Looking for cultural affinities

One of the most common mistakes in multicultural communications is assuming that reaching a community requires creating an entirely new campaign. Sometimes, the opportunity is already there.

Many of the experiences that make British Columbia unique also align naturally with values that resonate within many Italian communities: gathering around a table with family and friends, appreciating quality ingredients, enjoying local wine, spending time outdoors, embracing craftsmanship, and making space for conversation and connection.

The opportunity for communicators is not to recreate Italian culture, but to recognize where cultural values and local experiences already intersect.

As FIFA 2026 approaches, how many brands are thinking beyond sponsorship logos and match-day activations? Could there be opportunities to tell stories about the role soccer plays in bringing together generations of Italian-Canadian families and communities, from neighbourhood viewing parties to family traditions that have been passed down for decades?

BC's wineries already collaborate with cultural organizations and festivals. But what other stories remain untold? Could wineries explore the parallels between the Okanagan's wine culture and traditions that many Italian families have carried with them for generations?

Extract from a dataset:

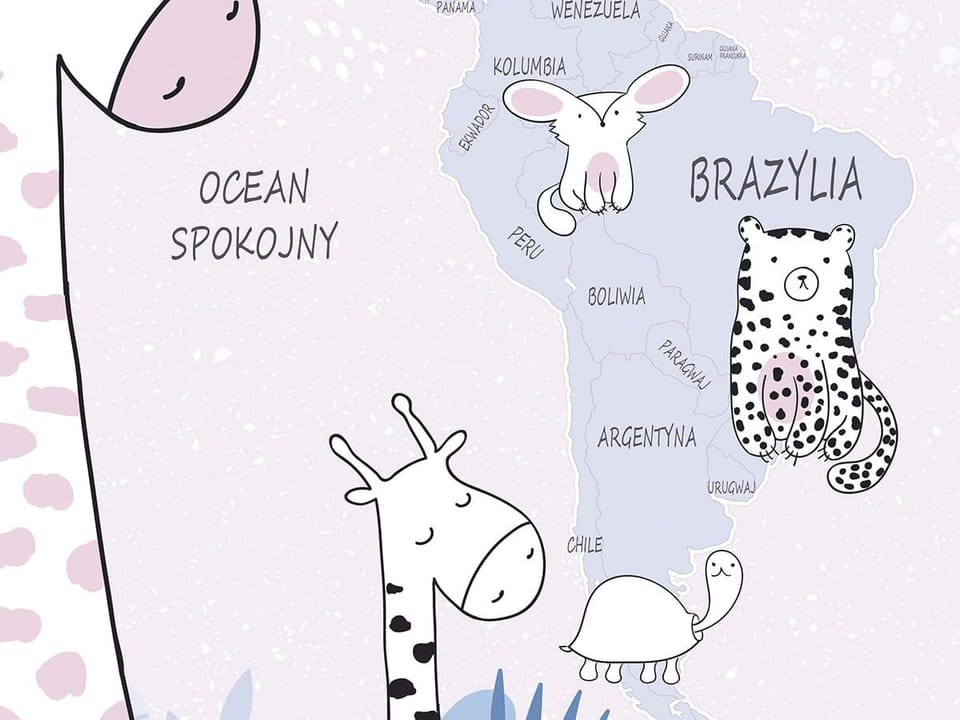 Fototapeta Mapa świata z rysunkowymi zwierzętami fragment #1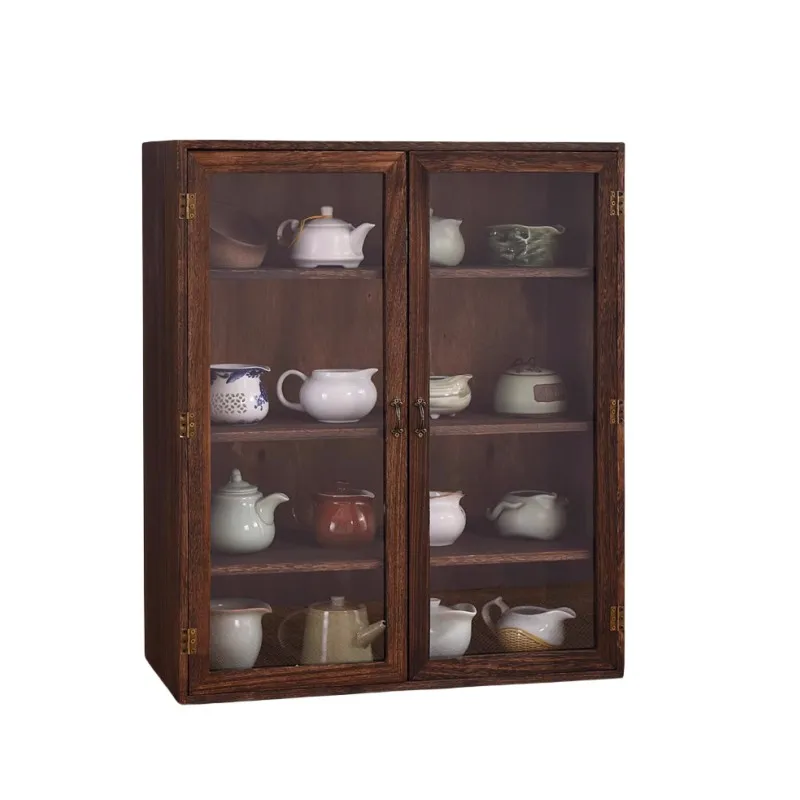 Solid Wood Tea Cabinet Dustproof Tea Cup Holder Small Blog Desktop Shelf Countertop Mini Cabinet Organizer with Acrylic Windows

Imagine a Vancouver-based luxury sunglasses brand creating a summer campaign inspired by the way many Italians embrace summer, from waterfront aperitivos and evening strolls to a strong appreciation for fashion, craftsmanship, and personal style.

What if tourism organizations explored the similarities between BC's vineyard landscapes, orchards, harbourfront patios, and the lifestyle experiences many visitors seek when they travel to Italy?

And what could happen if BC-based ceramic makers and home décor brands looked to Italian traditions of craftsmanship, design, and gathering around the table as inspiration for their storytelling?

None of these ideas rely on stereotypes. They rely on understanding. The goal isn't to make BC look like Italy, but to recognize where cultural values, interests, and experiences already intersect.

That's where authentic storytelling begins.

The real lesson

Ultimately, the lesson isn't about Italians. It's about curiosity.

Every community has its own stories, trusted channels, traditions, cultural references, and ways of building relationships. The Italian-Canadian community simply offers a compelling example of what can happen when those connections are preserved across generations.

In a city as multicultural as Vancouver, communicators have an opportunity to look beyond the obvious. Great communication isn't simply about crafting the right message. It's about taking the time to understand who you're speaking to.

So, happy Italian Heritage Month and auguri a tutti!